Una ricorrenza ciclica
Qualcuno sostiene che la Spagnola come il Covid rappresentino una ricorrenza ciclica. Un disastro sanitario a cui segue un periodo di formidabile euforia. Un secolo fa gli americani si misero le maschere, chiusero locali pubblici e scuole e si ammalarono gravemente. Quando finalmente tutto cessò, mutò anche il modo di pensare, il rispetto per la religione e i timori scomparvero. Tutti si sentivano baciati dalla sorte, solo per essere scampati.
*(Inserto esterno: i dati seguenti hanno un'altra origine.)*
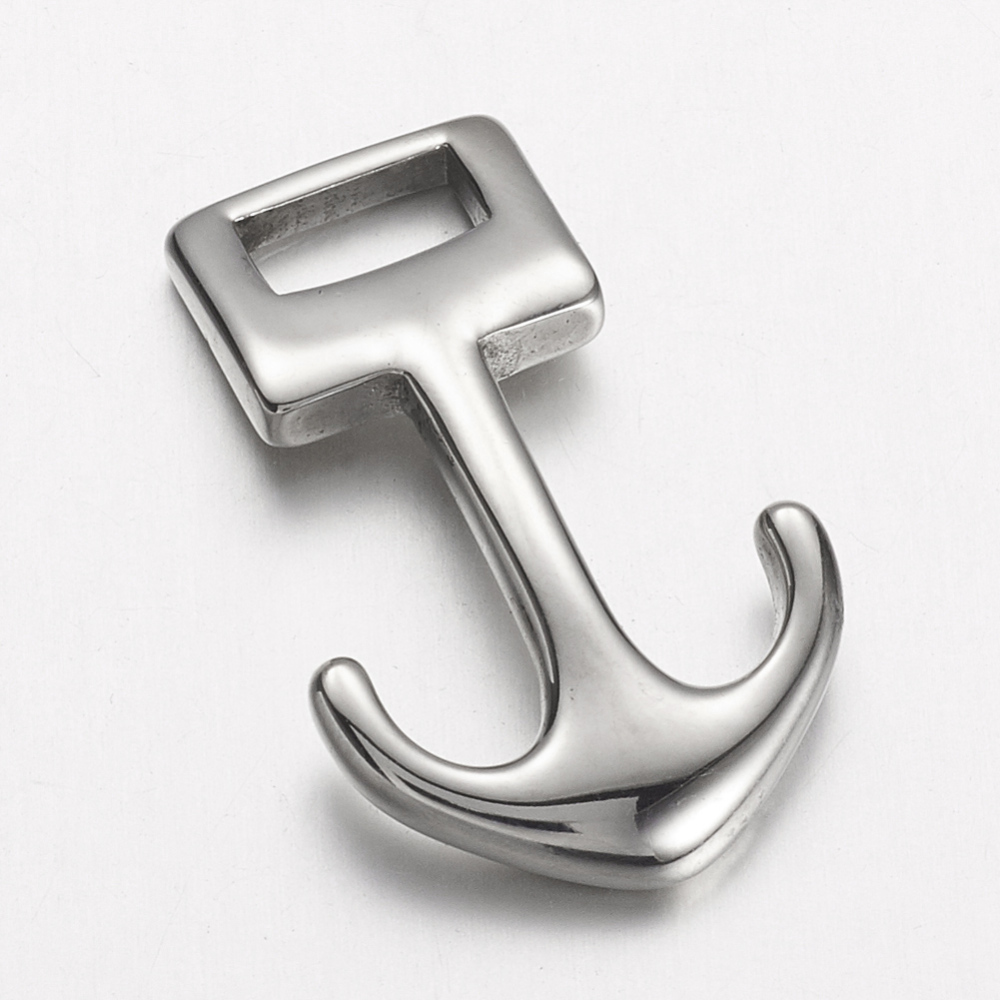 Fermoir INOX argenté, ancre, 31,5x19,5x4,5mm, trou 4,5x8,5mm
L’enorme folla al Khumb Mela indiano, appena concluso, con i relativi disastrosi strascichi, potrebbe essere letto in quel senso.
Si ripeterà?
Ora c’è chi sostiene che quando questa crisi passerà, avremo le stesse condizioni per un periodo di festa, di tentazioni, di apertura sessuale, di promiscuità diffusa. Maggiore attenzione all’arte, all’effimero, e un enorme bisogno di socialità. Sarà complicato trattenere l’impulso ad uscire, incontrare, essere presenti ovunque. Sembra fantascienza, ma c’è un aspetto che non dovremmo trascurare, lo stesso effetto “liberatorio” si è avuto alla fine di altre grandi pestilenze. Solo aspettando potremo vedere come evolverà. Il Covid innescherà una stagione di anni ruggenti?